>>
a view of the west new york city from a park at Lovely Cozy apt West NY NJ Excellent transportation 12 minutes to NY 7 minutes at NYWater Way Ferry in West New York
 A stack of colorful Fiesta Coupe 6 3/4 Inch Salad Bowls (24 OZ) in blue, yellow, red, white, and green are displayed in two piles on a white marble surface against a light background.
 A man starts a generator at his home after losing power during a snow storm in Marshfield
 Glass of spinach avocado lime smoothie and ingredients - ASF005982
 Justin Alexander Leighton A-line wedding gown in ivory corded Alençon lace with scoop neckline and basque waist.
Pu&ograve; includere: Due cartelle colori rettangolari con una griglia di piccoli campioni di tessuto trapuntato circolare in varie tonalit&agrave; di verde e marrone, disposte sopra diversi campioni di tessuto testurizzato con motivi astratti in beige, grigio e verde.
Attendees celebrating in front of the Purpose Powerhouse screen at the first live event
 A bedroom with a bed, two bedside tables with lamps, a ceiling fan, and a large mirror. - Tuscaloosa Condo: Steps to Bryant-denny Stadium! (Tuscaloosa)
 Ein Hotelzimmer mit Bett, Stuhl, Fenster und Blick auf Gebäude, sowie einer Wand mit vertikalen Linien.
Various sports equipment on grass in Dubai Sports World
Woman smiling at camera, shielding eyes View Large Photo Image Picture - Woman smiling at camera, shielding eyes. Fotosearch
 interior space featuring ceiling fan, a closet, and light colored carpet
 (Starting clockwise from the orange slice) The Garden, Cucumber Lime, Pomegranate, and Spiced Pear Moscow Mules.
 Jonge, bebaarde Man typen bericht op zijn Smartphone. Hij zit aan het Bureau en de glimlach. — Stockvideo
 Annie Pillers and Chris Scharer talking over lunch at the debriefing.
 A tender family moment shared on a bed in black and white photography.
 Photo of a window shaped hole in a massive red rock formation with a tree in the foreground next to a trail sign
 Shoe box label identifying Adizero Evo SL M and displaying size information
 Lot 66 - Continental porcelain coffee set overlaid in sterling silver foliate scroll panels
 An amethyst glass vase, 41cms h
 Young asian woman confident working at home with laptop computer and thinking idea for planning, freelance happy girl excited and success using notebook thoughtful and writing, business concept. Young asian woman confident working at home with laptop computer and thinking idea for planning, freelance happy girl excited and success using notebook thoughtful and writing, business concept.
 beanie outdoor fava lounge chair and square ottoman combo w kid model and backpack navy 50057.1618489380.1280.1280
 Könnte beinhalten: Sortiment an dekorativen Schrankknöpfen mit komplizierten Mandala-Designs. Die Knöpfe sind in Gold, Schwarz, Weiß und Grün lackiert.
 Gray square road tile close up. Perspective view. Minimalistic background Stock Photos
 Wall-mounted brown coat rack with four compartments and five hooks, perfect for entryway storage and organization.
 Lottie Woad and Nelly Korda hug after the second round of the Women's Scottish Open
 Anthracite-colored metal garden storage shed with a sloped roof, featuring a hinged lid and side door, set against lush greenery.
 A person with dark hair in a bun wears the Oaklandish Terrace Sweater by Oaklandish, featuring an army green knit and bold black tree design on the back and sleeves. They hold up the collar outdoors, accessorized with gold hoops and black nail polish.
<<
Work instruction
Which lines in the data above hold the string "colored"? Return each of them.

The completed task
 interior space featuring ceiling fan, a closet, and light colored carpet
 Anthracite-colored metal garden storage shed with a sloped roof, featuring a hinged lid and side door, set against lush greenery.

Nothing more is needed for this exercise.